A smiling President Laura Chinchilla arrived in Havana, Cuba, Monday night as the Castro regime continued picking up dissidents so there would be no protests. She was met with a guard of honor.
President Chinchilla will attend a two-day summit of Latin American and Caribbean heads of state, starting today. Cuban sources say that human rights activists were being detained starting Thursday. Amnesty International said the Cuban government is involved in an outrageous attack on freedom.
Amnesty said that the Cuban effort appears to be designed to keep activists from attending meetings with the visitors.
Ms. Chinchilla becomes the first Costa Rican head of state to visit the Communist island since Costa Rica broke diplomatic relations with Fidel Castro in 1961. The country renewed diplomatic relations in 2009.
The Cuban Commission on Human Rights and National Reconciliation and the Unión Patriótica de Cuba, both activist organizations, have been complaining about arbitrary arrests and home detentions that they said they believe are designed to intimidate those seeking a more democratic government.
“It is a vain attempt to silence those who would denounce the systematic violation of rights of opinion, meeting and demonstrations in Cuba, ” said Amnesty. “The government is able to prevent the dissidents from approaching the conference but their voices will enter it.”
Because of the arrests and intimidations, some private gatherings with the foreign leaders have been canceled, said Amnesty.
José Daniel Ferrer García, president of the Unión Patriótica de Cuba, said he was detained and ordered into a police car Friday and driven around in various vehicles until he was released Sunday, Amnesty said.
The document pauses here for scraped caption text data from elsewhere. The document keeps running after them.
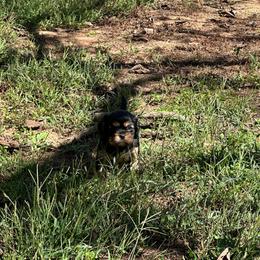 Dolly - Black and tan female Cavalier King Charles Spaniel puppy in Watkinsville, Georgia from Cavaliers of Windsor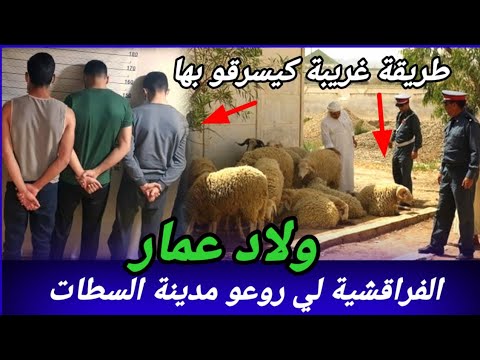 ولاد عمار، عصابة الفراقشية لي  حمقو الدرك بمدينة السطات، كيفاش حصل تحريات قصص بوليسية مغربية واقعية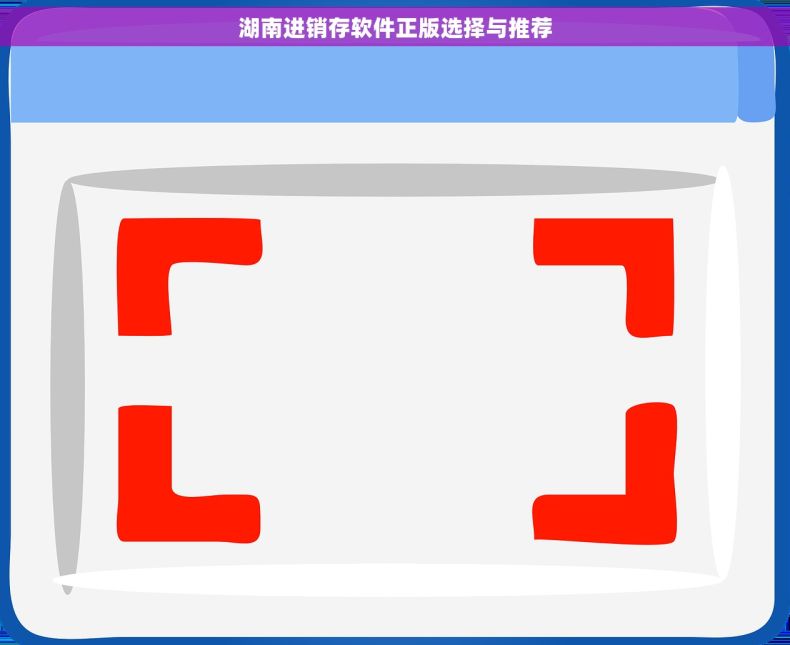 湖南进销存软件正版选择与推荐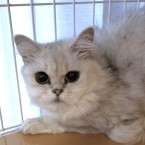 モズコ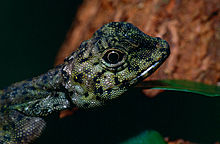 Vliegende draak met vijf lijnen (Draco quinquefasciatus) close-up (13949726108) .jpg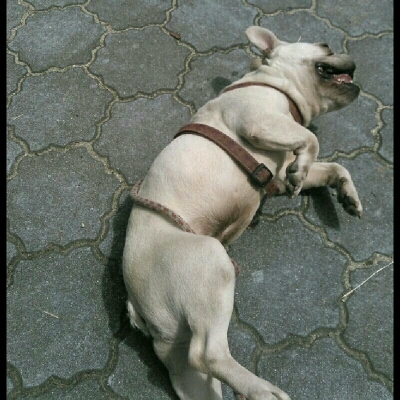 imgPL606247717_1466276026465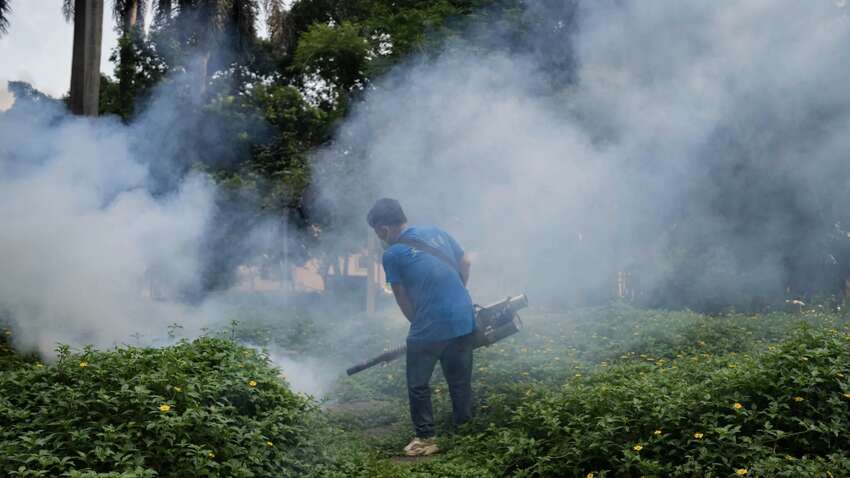 В Китае вспышка вируса чикунгунья: почти 8 тысяч зараженных В Китае вспышка вируса чикунгунья: почти 8 тысяч зараженных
Ferrer said he had police watching his house so he could not travel to the center of the capital, according to amnesty.
President Chinchilla arrived about 7 p.m. Havana time after witnessing the inauguration of Juan Orlando Hernández as the new president of Honduras earlier in the day.
The summit is of the Community of Latin American and Caribbean States, which prides itself as being the region’s first to not discriminate against governments or parties, allowing all major political voices to be heard.
The summit meeting also marks Costa Rica’s ascension to the temporary presidency of the organization for a calendar year.
“CELAC has allowed the conflict between our countries to go substantially down by consenting to harmonize political dialogue without giving into the models that each nation defends and applies to their respective countries,” Ms. Chinchilla said of the 4-year-old organization using its Spanish acronym.
Heads of state will discuss topics like combating hunger and poverty throughout the region. Also on the docket for discussion will be local agriculture, education, technological innovation, industrial development, regional integration, and the global drug problem, among others.